Alguns minutos depois, em nova mensagem, ele agrega: “Aqui temos que negociar. E ao negociar se sacrifica posições até, algumas vezes princípios, mas é a responsabilidade que temos hoje. Não acredito que o faço tudo que quero. Todos os dias tenho que digerir tragos amargos, mas hoje o país está em nossas mãos e creio que nas melhores mãos. Força”.
Alguns dias depois, 5 de março, possivelmente já sentindo as resistências por parte do corpo técnico da ANDES para aprovar o acordo que traria uma despesa de, no mínimo, US$ 200 milhões, ao Paraguai, Benitez volta à carga com Ferreira: “PEDRO, apresse a solução ANDE-Eletrobrás. Está tudo parado. Temos que mover a economia, Itaipu é uma ferramenta. Não se pode ganhar em tudo em uma negociação”.
Ferreira insiste que “o que estão nos pedindo hoje é 18% de crescimento anual”, e adverte: “Foi impossível. Isto vai nos queimar publicamente”.
Convergências do dia 23 de maio, véspera da ata sob investigação
“O dia 23 de maio é uma data significativa”, afirma em sua matéria, “El Presidente sabía todo sobre Acuerdo secreto”, a jornalista Mabel Rehnfeldt, que o jornal paraguaio, ABC Color, publicou no dia 6 dia agosto.
“Nesse dia, técnicos da ANDE se dão conta de que em 24 horas se definiria o acordo bilateral sem eles”, prossegue Mabel, e, mais adiante: “Nesse mesmo dia pela noite, Joselo Rodríguez envia um WhatsApp dizendo que não havia que excluir um dos pontos porque isso ‘não seria conveniente para as operações em marcha’. E invoca ao presidente da República, Mario Abdo Benítez e o vice-presidente Hugo Velázquez”. (Joselo é o lobista paraguaio que se apresentou a Ferreira com representante do vice-presidente Hugo Velázquez, para conduzir as negociações e o “ponto” é o item 6, cuja exclusão iria permitir a primazia da Léros na venda de energia excedente do Paraguai no Brasil).
É em torno do dia 23 que surgem novas denúncias. Neste dia teria havido uma reunião também secreta (assim como a ata que seria firmada no dia seguinte), na embaixada do Paraguai em Brasília, com a presença do ministro da Fazenda do Paraguai, Benigno López, irmão do presidente, do suplente de senador por São Paulo, Alexandre Giordano, que intercedia (inclusive com viagens à paraguaia Ciudad del Este), em favor da empresa brasileira Léros e ainda o filho do presidente brasileiro, Eduardo Bolsonaro.

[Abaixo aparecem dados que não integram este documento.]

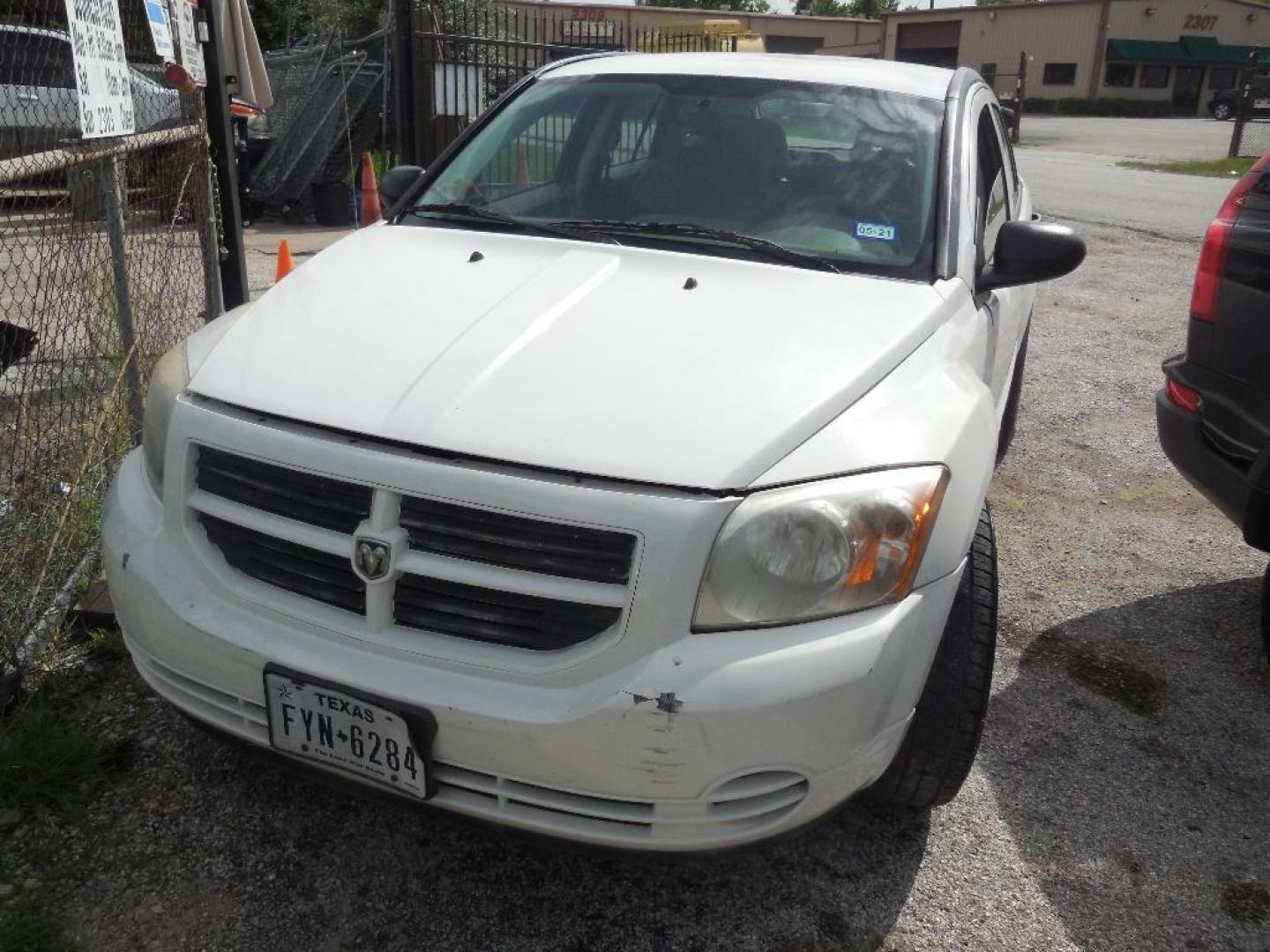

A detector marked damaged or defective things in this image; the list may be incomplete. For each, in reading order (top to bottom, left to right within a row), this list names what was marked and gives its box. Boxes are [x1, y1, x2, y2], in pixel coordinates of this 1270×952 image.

dented hood [186, 225, 945, 490]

Diante dessas denúncias, o ministro da Fazenda, em depoimentos na Procuradoria do seu país, disse, neste dia 7 de agosto, que não esteve nessa reunião e que suas quatro viagens recentes ao Brasil, que não pôde negar, eram “para tratar de atrair investidores” e ainda que “denunciar agora é moda”.

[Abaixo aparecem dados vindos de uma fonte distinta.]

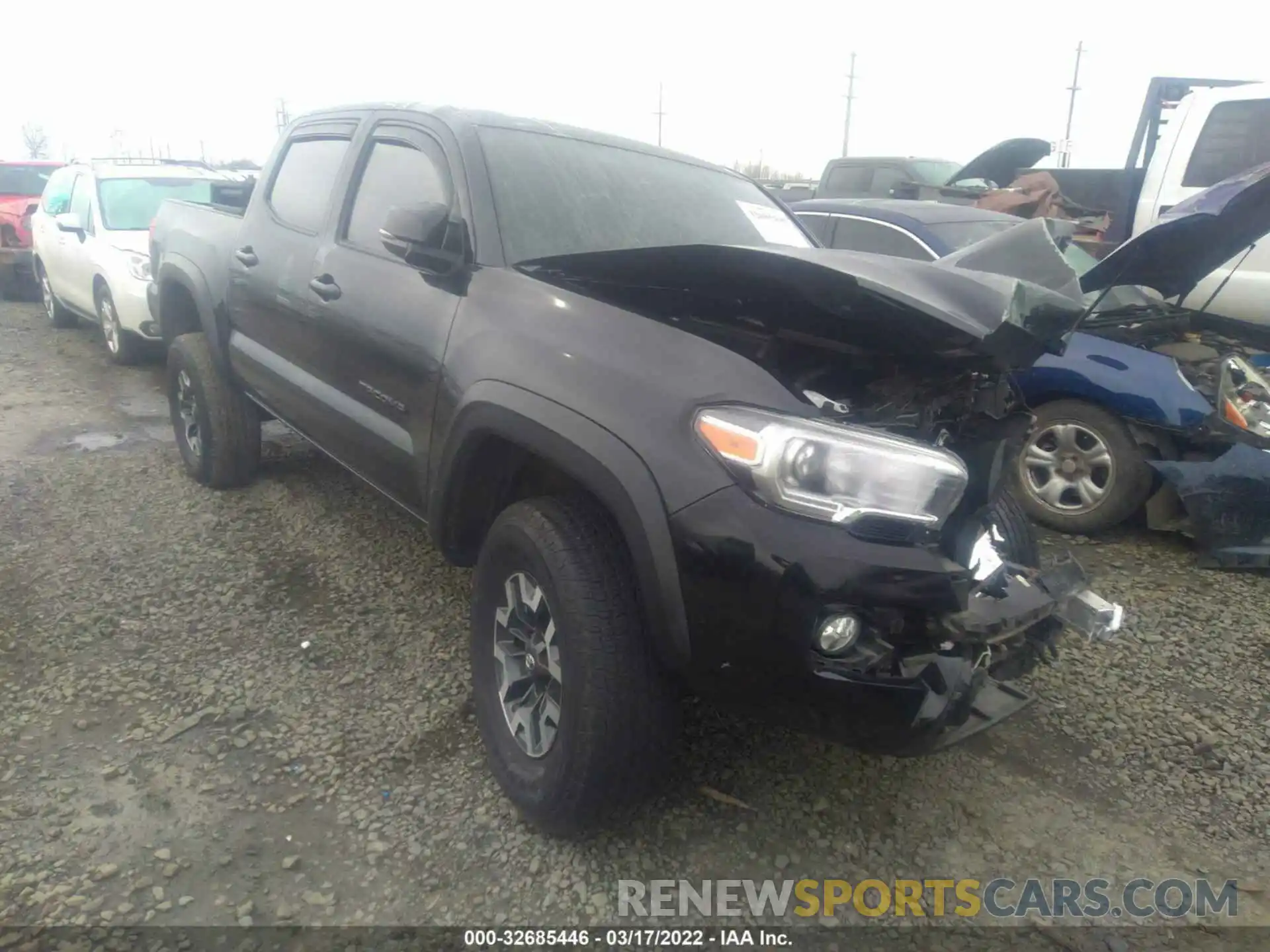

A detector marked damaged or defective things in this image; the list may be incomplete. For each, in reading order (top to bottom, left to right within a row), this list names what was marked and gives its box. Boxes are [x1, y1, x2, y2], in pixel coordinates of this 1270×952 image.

crumpled hood [945, 139, 1051, 189]
crumpled hood [1077, 162, 1270, 299]
crumpled hood [515, 242, 1081, 368]
blue damaged car [792, 166, 1270, 566]
damaged front fender [1153, 446, 1270, 571]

Mas a procuradora que comanda a equipe indicada para cuidar do caso, Lilian Alcaraz, imediatamente declarou que “há contradições entre os depoimentos” de López e o do presidente da ANDE, Pedro Ferreira, o mesmo que ao final das negociações, pediu demissão declarando-as “traição à pátria” e “extorsão financeira”.
“No dia 24 de maio”, acrescenta Mabel em sua matéria, “viajou somente o gerente técnico Fabián Cáceres, que confirmou que só o fizeram entrar por, no máximo, 10 minutos na reunião em Brasília. Dentro, na sala de reuniões, estavam Sánchez Tilería (ex-diretor técnico de Itaipu), Alcides Jiménez (na qualidade de assessor técnico da ANDES, que também acabou por se demitir) e o embaixador, Hugo Saguier (que também renunciou)”.

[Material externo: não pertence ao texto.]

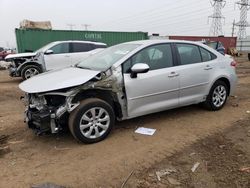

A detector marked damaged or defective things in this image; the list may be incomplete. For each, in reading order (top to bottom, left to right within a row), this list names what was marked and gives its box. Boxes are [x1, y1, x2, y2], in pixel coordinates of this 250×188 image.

shattered windshield [76, 43, 140, 71]
crumpled hood [19, 67, 100, 93]
damaged silver sedan [18, 39, 237, 142]
front bumper damage [23, 92, 78, 134]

A ata, teve entre os questionamentos que agora colocam em risco o mandato de Abdo Benitez, como já vimos, a exclusão do item 6, o que permitiria a jogada de entregar a primazia da venda de energia excedente do Paraguai ao Brasil, à Léros, diversas vezes citadas, nas mensagens que estão vindo à tona, como empresa ligada “à família Bolsonaro”.
No dia 7, manifestantes se dirigiram ao Congresso Nacional pedindo o impeachment do presidente Benítez e de seu vice, Velázquez, com cartazes proclamando “Basta dos vende-pátria”.